Modeling an Association
Look around the room you are in. You will see plugs and sockets. Some plugs are in service (plugged in to a socket) and some are not. Some sockets are being used (occupied by a plug) and some are not (except at the airport, where it seems _all_ of them are being used).
‘plug’ ‘is plugged in to’ zero-or-one ‘socket’. ‘socket’ ‘is occupied by’ zero-or-one ‘plug’.
This is a one-to-one bi-conditional association. For any instance of plug, we can find out if it is plugged in and to which instance of socket it is connected. If we have an instance of socket “in hand”, we can find the related plug if one is there. Association R1 gives us a lot information about the instance populations of ‘plug’ and ‘socket’.
Consider modeling current flow. In which class do we want to model the current flow?

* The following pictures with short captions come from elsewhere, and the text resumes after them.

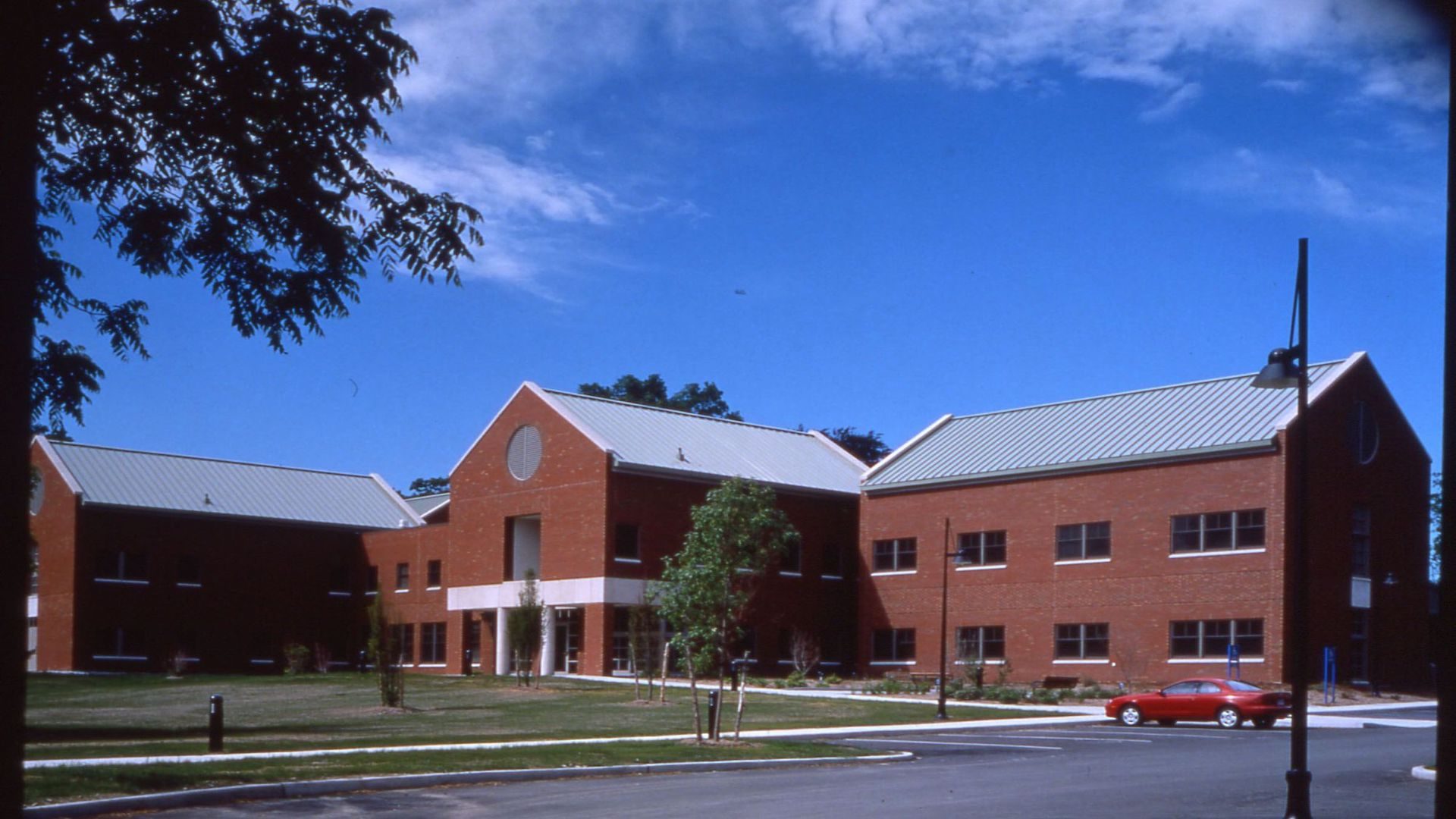 Ward Addiction Treatment Center | Healthcare Projects Architecture+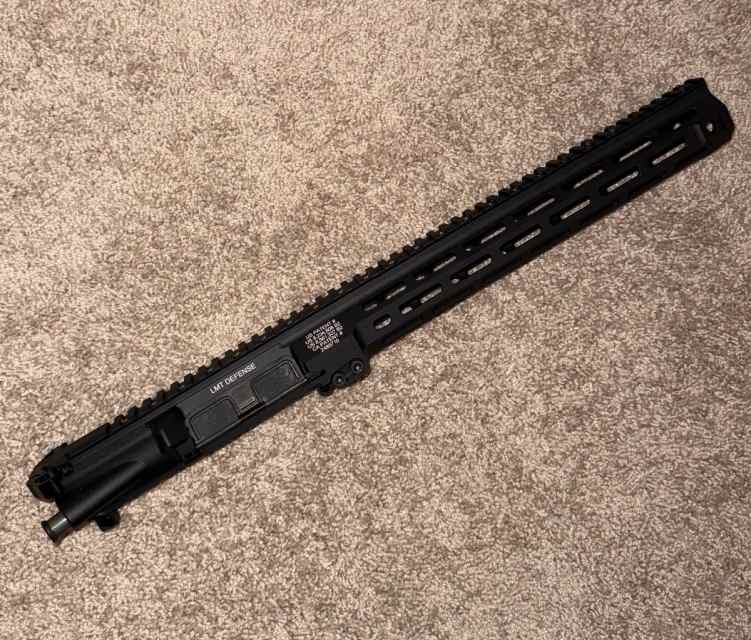 WTT/WTS LMT Upper 13.25 stripped 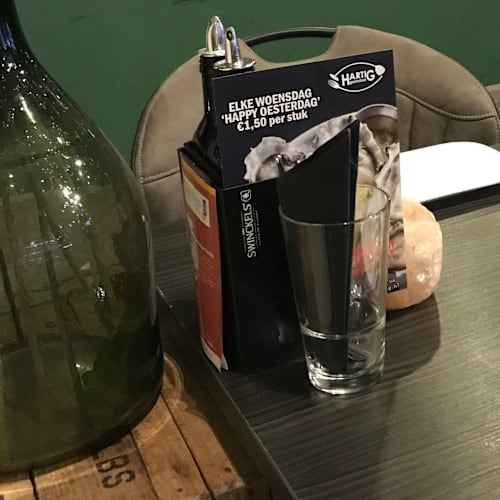 Gastrobar Hartig, Rotterdam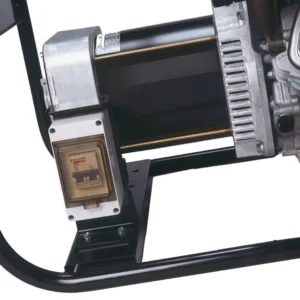 Connettore di Trasferimento Manuale Interruttore magnetotermico ELMAG per gruppi elettrogeni 230 volt 53327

Also called “ternary associations” and “link classes”, associative classes model relationships as data. Instead of just a line with role phrases, the full power of class, attributes and state modeling can be applied to clearly specify the relationship. Associative classes also can participate in other associations.
In our ‘plug’ and ‘socket’ model, we could have modeled ‘current_flow’ on either or both of ‘plug’ and ‘socket’, although it is more clear to model the flow of current through the connection since this flow is through both. ‘Resistance’ would not make sense on the ‘plug’ or the ‘socket’. The resistance to current flow is a function of a particular ‘plug’ being connected to a particular ‘socket’.
In complex systems, the relationships between resources in the system are often a focus on study. In such systems there are limited resources that must be allocated and shared. One object in a system will “want to be associated” with another object, but it is busy. Such patterns can leverage associative classes nicely.